Answer to Question #207307 in Statistics and Probability for Abel

Question #207307

a supplier submits lots of fabric to a textile manufacturer. the customer wants to know if the lot average breaking strength exceeds 200 psi. if so, she wants to accept the lot. past experience indicates that a reasonable value for the variance of breaking strength is 100(psi)². four specimens are randomly selected, and the average breaking strength observed is y=214 psi. is the customer accepting this lot at alpha=0.05?

Expert's answer

The following null and alternative hypotheses need to be tested:

"H_0:\\mu=200"

"H_1:\\mu>200"

This corresponds to a right-tailed test, for which a z-test for one mean, with known population standard deviation will be used.

Based on the information provided, the significance level is "\\alpha=0.05," and the critical value for a right-tailed test is "z_c=1.6449."

The rejection region for this right-tailed test is "R=\\{z: z>1.6449\\}."

The z-statistic is computed as follows:

"z=\\dfrac{\\bar{x}-\\mu}{\\sigma\/\\sqrt{n}}"

"=\\dfrac{214-200}{10\/\\sqrt{4}}=2.8"

Since it is observed that "z=2.8>1.6449=z_c," it is then concluded that the null hypothesis is rejected.

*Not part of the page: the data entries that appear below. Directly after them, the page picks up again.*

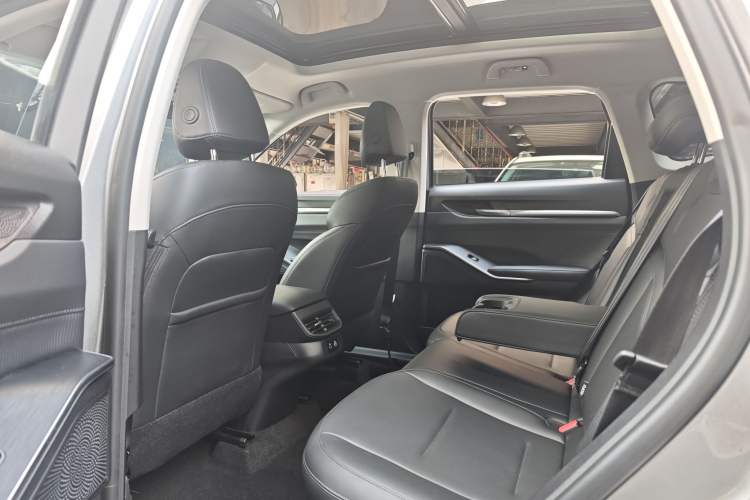 Used Haval H6 2024 1.5T Two-Wheel Drive Pro Interior 4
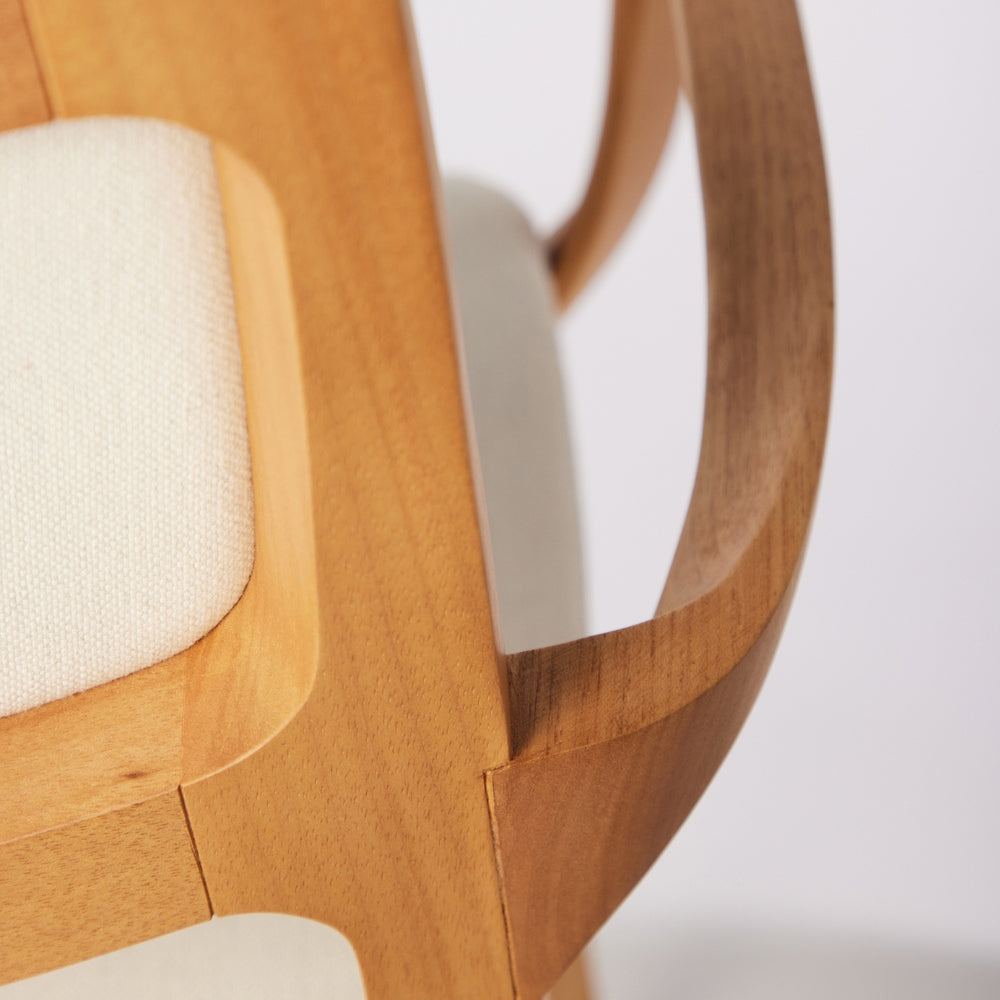 Aurora Chair CA2
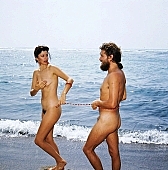 63, Hawaii, freik�rperkultur, nudist couple, nudist pair, Honokohau, Kona, fkk, naked, stripped, naturist couple, naturist, holidays, nudist, love, on holiday, recreation, relaxation, repose, rest, game, beach, coast, nudism, naturism, attitude, pose, posture, heat-wave, thunderclouds, they are walking, bay, gulf, summer, man, woman, bath, bathe, bathing, water, 1990, CD 0106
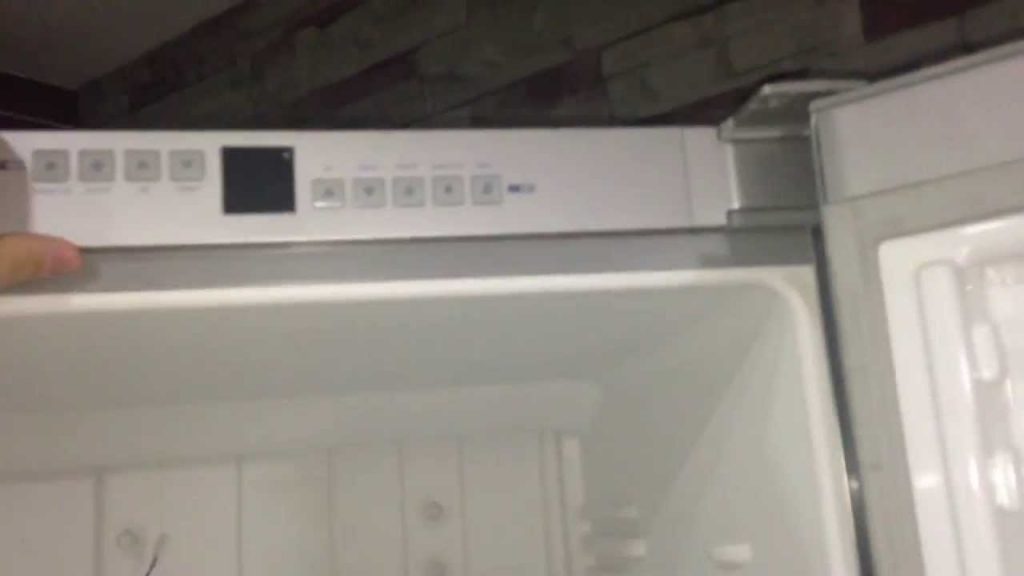 Istruzioni: come rimuovere il coperchio superiore del frigorifero con le proprie mani e ciò che è necessario per questo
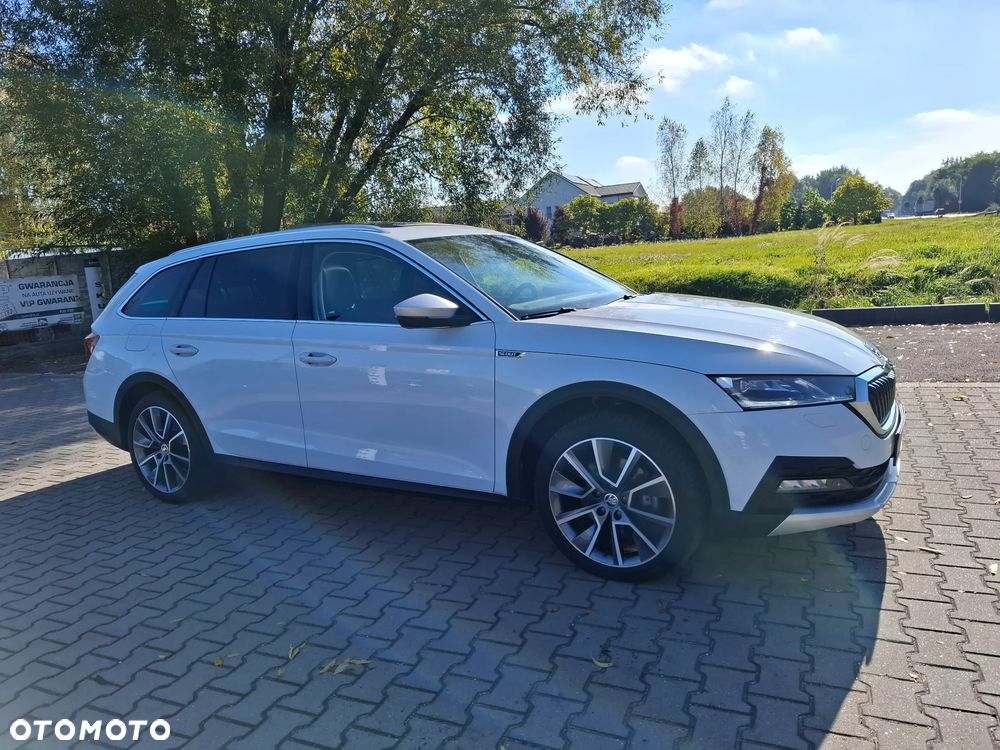 Skoda Octavia 2.0 TDI DSG 4x4 Scout - 8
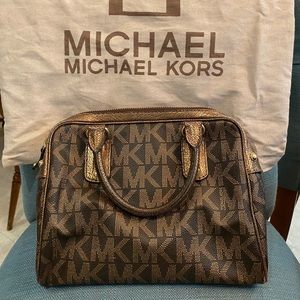 Michael Kors MK Logo Bag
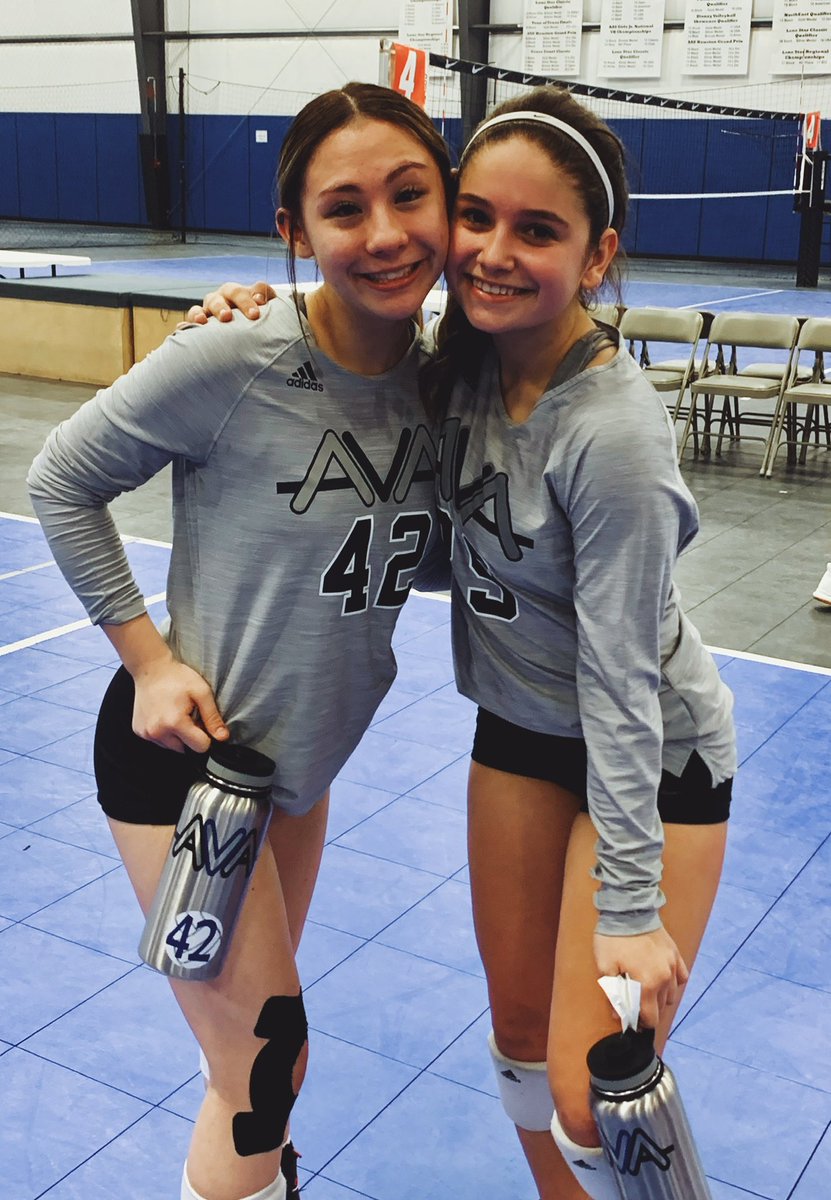 kelsey1215_'s tweet photo. went 5-1 this weekend with my girls! first in silver bracket!! 💞 hard work really does pay off! #avafamily #15power https://t.co/WD10GZwRls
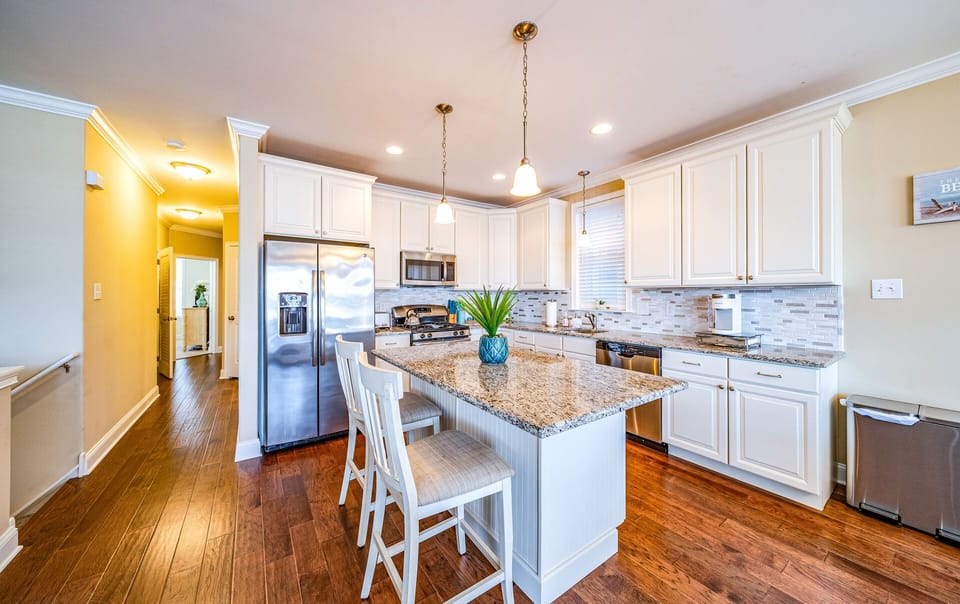 This bright and spacious kitchen is a chef’s dream!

Therefore, there is enough evidence to claim that the population mean "\\mu" is greater than 200, at the "\\alpha=0.05" significance level.

Using the P-value approach: The p-value is "p=P(z>2.8)=0.002555," and since "p=0.002555<0.05=\\alpha," it is concluded that the null hypothesis is rejected.

Therefore, there is enough evidence to claim that the population mean "\\mu" is greater than 200, at the "\\alpha=0.05" significance level.

Therefore, there is enough evidence to claim that the customer is accepting this lot at "\\alpha=0.05."